### Task to complete:
Word for word, transcribe the data below from the line with "Meridian 2-Light Wall" to the line with "Princess & Round", keeping both of those lines.

### Provided information:
○ ○ ○ ○ ○

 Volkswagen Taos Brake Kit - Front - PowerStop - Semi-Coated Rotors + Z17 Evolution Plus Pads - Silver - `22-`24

○ ○ ○ ○ ○

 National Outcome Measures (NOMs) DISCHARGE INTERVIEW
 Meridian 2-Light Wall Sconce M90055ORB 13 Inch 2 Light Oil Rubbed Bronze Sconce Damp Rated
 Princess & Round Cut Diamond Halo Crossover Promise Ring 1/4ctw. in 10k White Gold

○ ○ ○ ○ ○

### Exercise solution:
 Meridian 2-Light Wall Sconce M90055ORB 13 Inch 2 Light Oil Rubbed Bronze Sconce Damp Rated
 Princess & Round Cut Diamond Halo Crossover Promise Ring 1/4ctw. in 10k White Gold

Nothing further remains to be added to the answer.